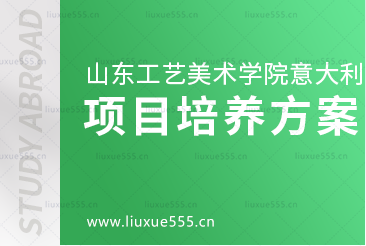 山东工艺美术学院意大利1+3国际本科项目培养方案是什么呢？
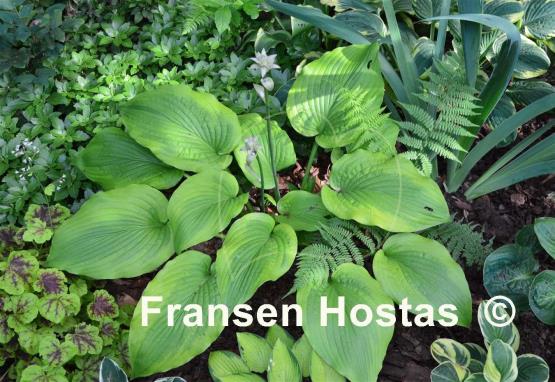 Hosta Star-kissed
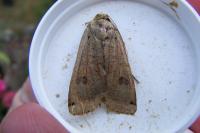 Noctua pronuba
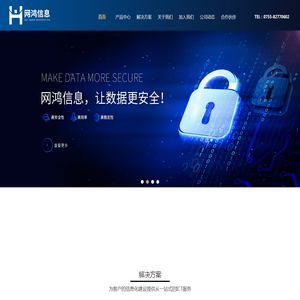 深圳市网鸿信息科技有限公司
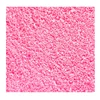 Rosa 01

- [Work instruction]
Omit every image. Quote each record exactly.

- [Exercise response]
 山东工艺美术学院意大利1+3国际本科项目培养方案是什么呢？
 Hosta Star-kissed
 Noctua pronuba
 深圳市网鸿信息科技有限公司
 Rosa 01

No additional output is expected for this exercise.